+++ MATERIAL FOR THIS TASK +++

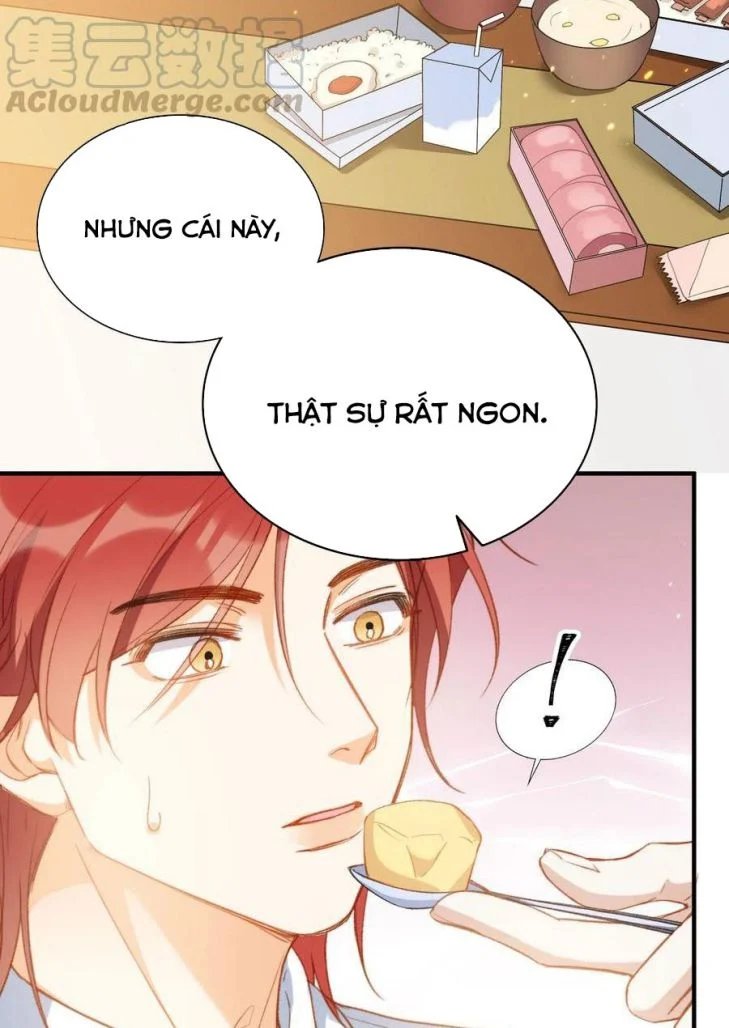 nụ hôn vực thẳm chapter 58 32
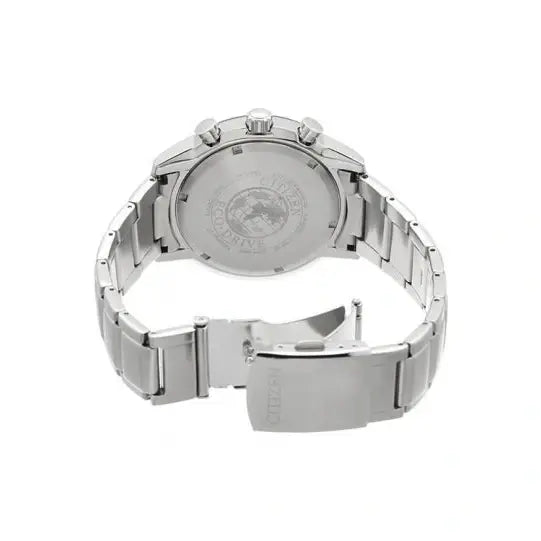 Citizen CA4034-50A Men Watch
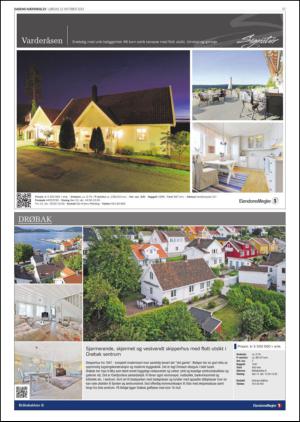 dagensnaringsliv_lordag-20131012_000_00_00_057.pdf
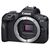 CANON EOS R100 + RF-S 18-45mm IS STM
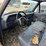 1989-ford-f350-image-7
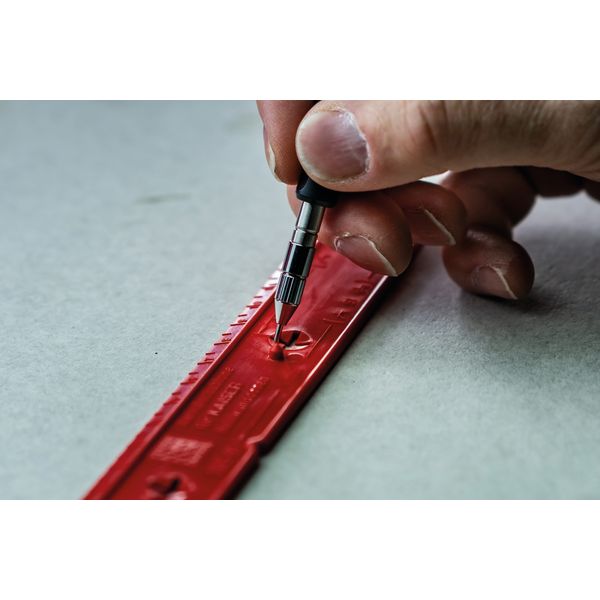 Pica 7070 Fine Dry Markeerpotlood image 14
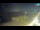 Webcam in Roses, Costa Brava, 11 km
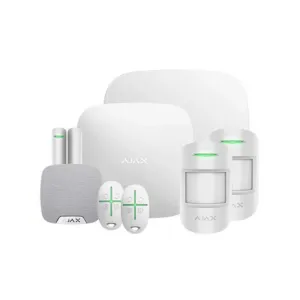 Ajax-Kit-1-Hub-2-2G-MP-DD-House-with-Key-fobs-White-Smart-Wireless-Security-Alarm-System-35651.114.WH1_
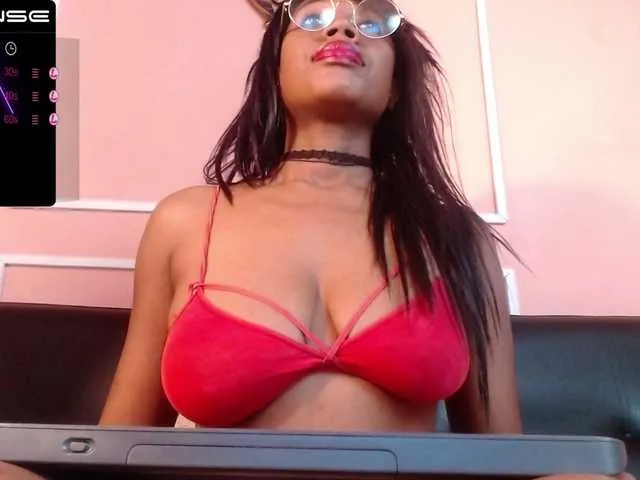 Live sex webcam photo for sofia-ebony #273215156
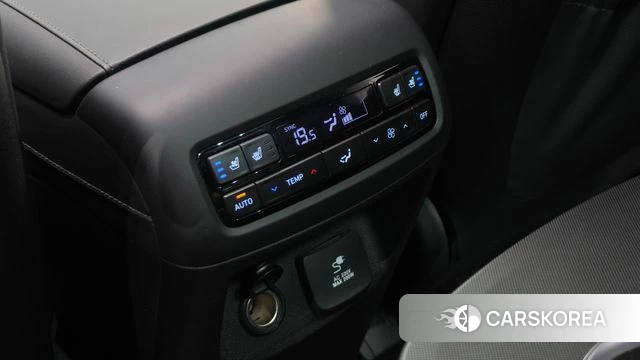 Hyundai Palisade id 4721586 из Кореи 10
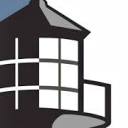 Beacon Technologies logo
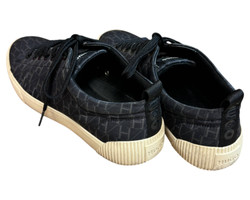 Hugo Boss Zero TRAMPKI damskie 37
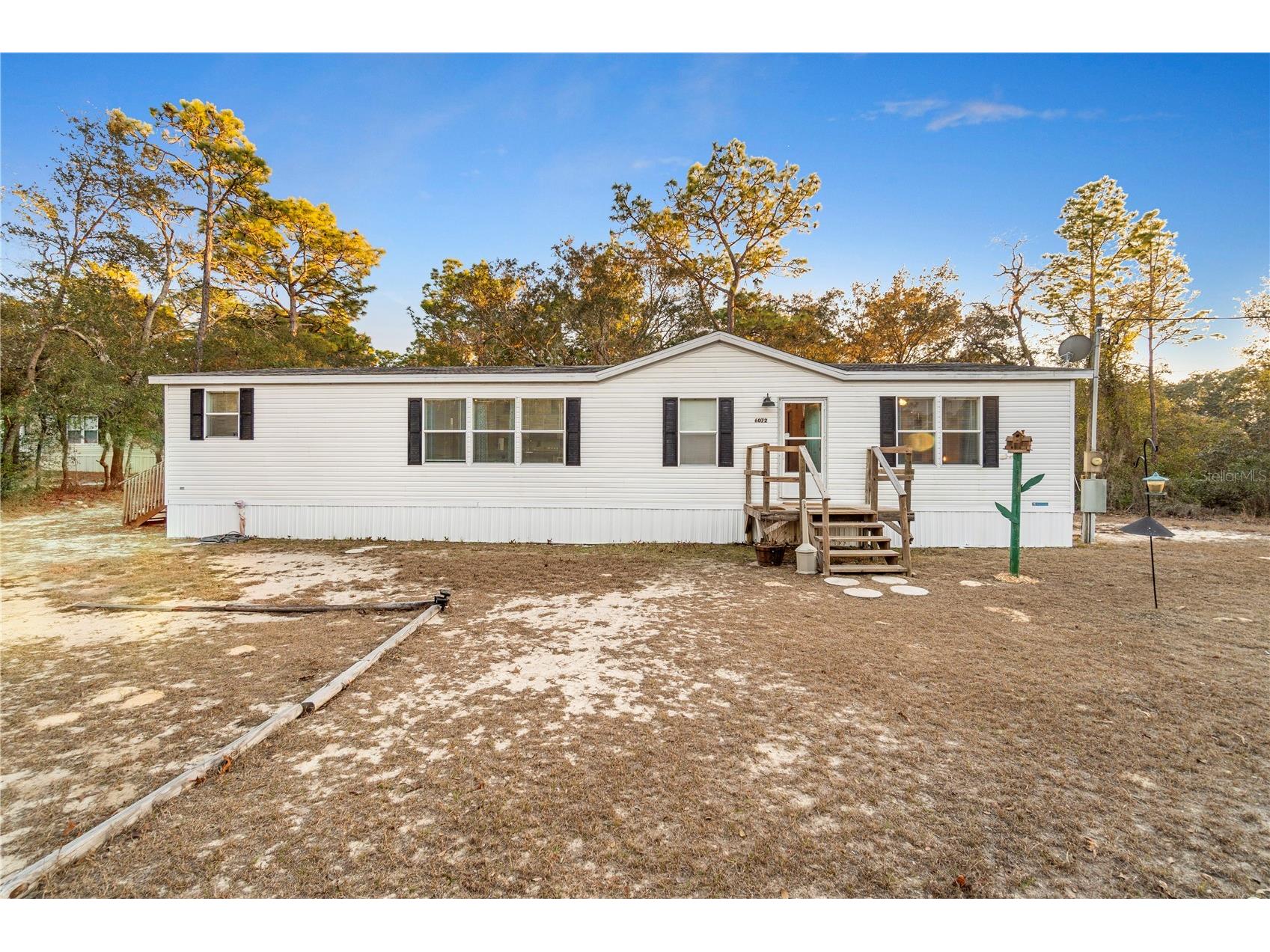 6072 W Patriot Street Homosassa FL 34448 OM718157 image49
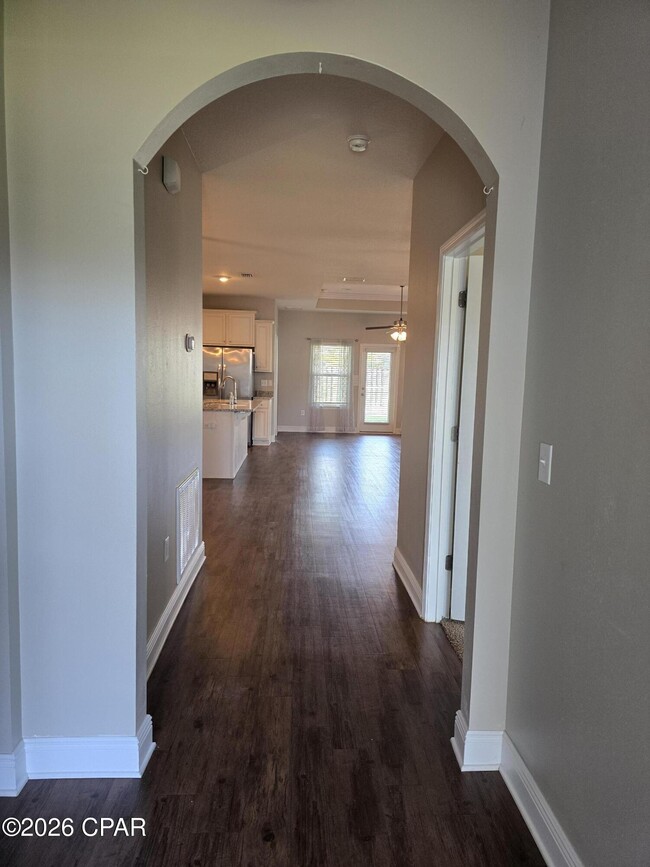 Photo - 108 Redfish Way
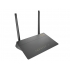 D-Link DIR-615/GF, Маршрутизаторы D-Link DIR-615/GF, Маршрутизаторы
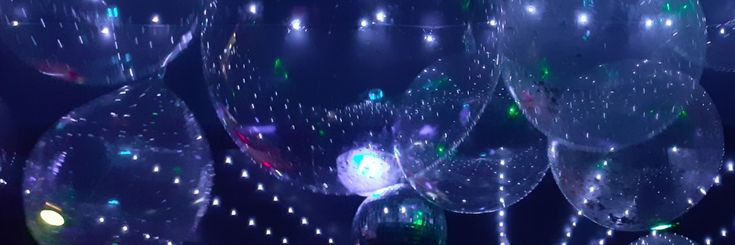 Alister. banner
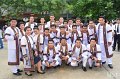 20160901-MCT01-AM-034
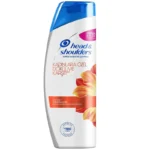 شامپو ضد شوره و ضد ریزش بانوان هد اند شولدرز - Head & Shoulders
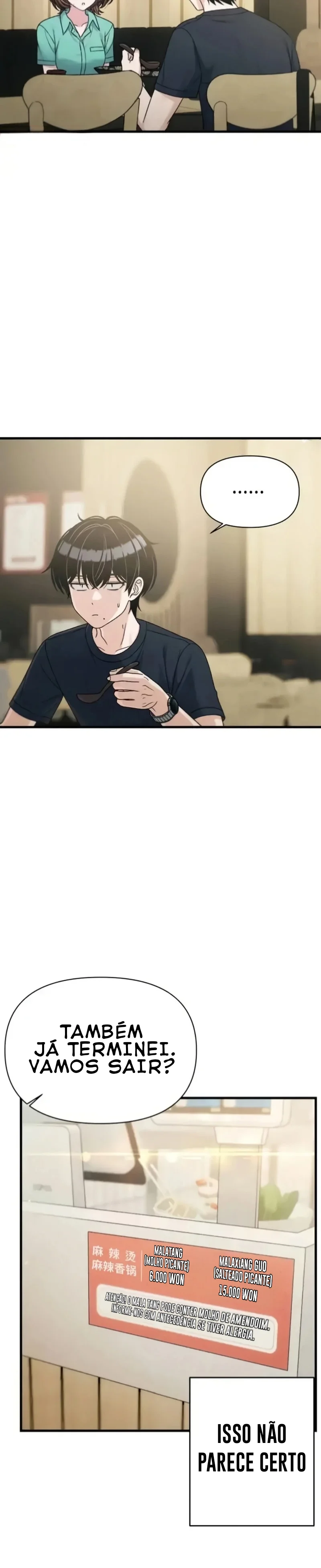 Página 3 do Capítulo 40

+++

## TASK PROMPT
All lines from the one containing "Live sex webcam" through the end of the entries above must be given again exactly, with every picture omitted.

## ANSWER TO THIS TASK
 Live sex webcam photo for sofia-ebony #273215156
 Hyundai Palisade id 4721586 из Кореи 10
 Beacon Technologies logo
 Hugo Boss Zero TRAMPKI damskie 37
 6072 W Patriot Street Homosassa FL 34448 OM718157 image49
 Photo - 108 Redfish Way
 D-Link DIR-615/GF, Маршрутизаторы D-Link DIR-615/GF, Маршрутизаторы
 Alister. banner
 20160901-MCT01-AM-034
 شامپو ضد شوره و ضد ریزش بانوان هد اند شولدرز - Head & Shoulders
 Página 3 do Capítulo 40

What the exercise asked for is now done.